I don’t see the connection.
Running was what I was good at, but then I broke my foot and then a car hit me and I broke my arm in two places and then I had a hernia. That didn’t all happen at once. It was a series of events. But when I tried to come back, to be a runner again because that was pretty much my whole identity, I developed tendonitis so bad that my leg wouldn’t bend. So I had a lot of down time. I spent a lot of time in bed trying to heal and I started reading a lot. I discovered that I loved books, but I didn’t try to write anything back then. I was a reader. I still read more than I write.

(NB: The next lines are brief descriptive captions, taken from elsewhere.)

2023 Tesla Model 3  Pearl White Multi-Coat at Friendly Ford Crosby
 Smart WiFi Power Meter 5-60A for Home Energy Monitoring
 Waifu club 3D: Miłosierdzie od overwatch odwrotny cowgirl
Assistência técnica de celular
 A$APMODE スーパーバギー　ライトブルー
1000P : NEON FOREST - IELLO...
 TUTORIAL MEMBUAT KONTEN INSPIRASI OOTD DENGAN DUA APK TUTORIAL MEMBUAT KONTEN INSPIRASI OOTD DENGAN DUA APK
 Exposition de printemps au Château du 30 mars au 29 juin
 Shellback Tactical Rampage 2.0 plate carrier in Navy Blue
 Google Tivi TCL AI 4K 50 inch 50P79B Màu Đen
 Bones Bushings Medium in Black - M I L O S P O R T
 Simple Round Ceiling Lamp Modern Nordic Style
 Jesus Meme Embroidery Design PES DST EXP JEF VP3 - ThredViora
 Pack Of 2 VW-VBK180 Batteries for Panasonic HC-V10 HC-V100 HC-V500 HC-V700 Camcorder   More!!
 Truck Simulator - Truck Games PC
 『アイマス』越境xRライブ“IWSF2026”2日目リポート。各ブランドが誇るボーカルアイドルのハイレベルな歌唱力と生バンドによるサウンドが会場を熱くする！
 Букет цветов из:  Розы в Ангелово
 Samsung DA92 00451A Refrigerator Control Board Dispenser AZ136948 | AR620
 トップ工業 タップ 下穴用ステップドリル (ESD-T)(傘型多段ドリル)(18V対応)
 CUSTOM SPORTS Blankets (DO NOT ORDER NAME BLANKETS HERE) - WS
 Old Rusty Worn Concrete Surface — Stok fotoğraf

This reminds me a little of Eudora Welty’s story of how she became a writer—but injury instead of illness.
It’s easy to feel sorry for yourself when you’re lying in bed all broken in different places. The books were a kind of comfort.
I feel a little like that’s starting to happen right now.
I have always liked women with glasses.
What?
Glasses=reading=hot.
I get it—reading is sexy.
You should see the way my wife wears glasses.
Let’s maybe bring this back to writing?
For me, writing comes out of a similar instinct as running. It does the same thing for me that running used to. It’s something that makes me feel good, feel alive, feel like I’m doing something. I use the same discipline with writing that I did with running—every day, sometimes twice a day. I feel funny, odd, off, if I don’t do it. And it is an issue of identity. It took me three books to think of myself as a writer. Not until I published Dear Everybody did I describe myself as a writer, a novelist. I always used to tell people I was an editor, which I was, or that I rewrote college textbooks, which I did.
I didn’t think that was what you were going to say.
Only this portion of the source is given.